Beginning with the line that contains "KJHBV Realistic Plastic", copy each remaining line of the data below exactly.
==== DATA LISTING
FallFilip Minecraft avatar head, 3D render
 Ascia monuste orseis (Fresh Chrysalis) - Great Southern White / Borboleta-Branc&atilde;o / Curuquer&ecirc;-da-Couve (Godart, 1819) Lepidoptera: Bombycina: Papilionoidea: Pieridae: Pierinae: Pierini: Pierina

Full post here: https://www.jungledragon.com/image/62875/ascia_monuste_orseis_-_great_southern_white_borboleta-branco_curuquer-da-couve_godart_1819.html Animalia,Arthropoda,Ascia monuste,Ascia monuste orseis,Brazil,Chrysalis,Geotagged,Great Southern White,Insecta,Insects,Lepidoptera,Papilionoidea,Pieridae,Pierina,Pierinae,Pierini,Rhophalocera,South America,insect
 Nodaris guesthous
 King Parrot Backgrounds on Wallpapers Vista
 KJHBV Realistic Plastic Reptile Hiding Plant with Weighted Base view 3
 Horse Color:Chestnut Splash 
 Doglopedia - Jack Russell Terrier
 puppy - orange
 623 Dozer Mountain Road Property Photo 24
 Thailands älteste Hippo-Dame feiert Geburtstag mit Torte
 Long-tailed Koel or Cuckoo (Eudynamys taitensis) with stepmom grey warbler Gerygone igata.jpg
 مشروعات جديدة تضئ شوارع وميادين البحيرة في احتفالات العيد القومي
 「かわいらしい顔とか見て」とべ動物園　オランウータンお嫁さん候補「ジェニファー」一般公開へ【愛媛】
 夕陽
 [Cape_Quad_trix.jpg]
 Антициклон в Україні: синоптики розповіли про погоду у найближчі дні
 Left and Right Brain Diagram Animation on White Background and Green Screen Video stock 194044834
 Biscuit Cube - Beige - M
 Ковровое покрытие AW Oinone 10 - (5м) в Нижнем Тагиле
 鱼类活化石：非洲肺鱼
========
▶ [WRITTEN RESPONSE]:
 KJHBV Realistic Plastic Reptile Hiding Plant with Weighted Base view 3
 Horse Color:Chestnut Splash 
 Doglopedia - Jack Russell Terrier
 puppy - orange
 623 Dozer Mountain Road Property Photo 24
 Thailands älteste Hippo-Dame feiert Geburtstag mit Torte
 Long-tailed Koel or Cuckoo (Eudynamys taitensis) with stepmom grey warbler Gerygone igata.jpg
 مشروعات جديدة تضئ شوارع وميادين البحيرة في احتفالات العيد القومي
 「かわいらしい顔とか見て」とべ動物園　オランウータンお嫁さん候補「ジェニファー」一般公開へ【愛媛】
 夕陽
 [Cape_Quad_trix.jpg]
 Антициклон в Україні: синоптики розповіли про погоду у найближчі дні
 Left and Right Brain Diagram Animation on White Background and Green Screen Video stock 194044834
 Biscuit Cube - Beige - M
 Ковровое покрытие AW Oinone 10 - (5м) в Нижнем Тагиле
 鱼类活化石：非洲肺鱼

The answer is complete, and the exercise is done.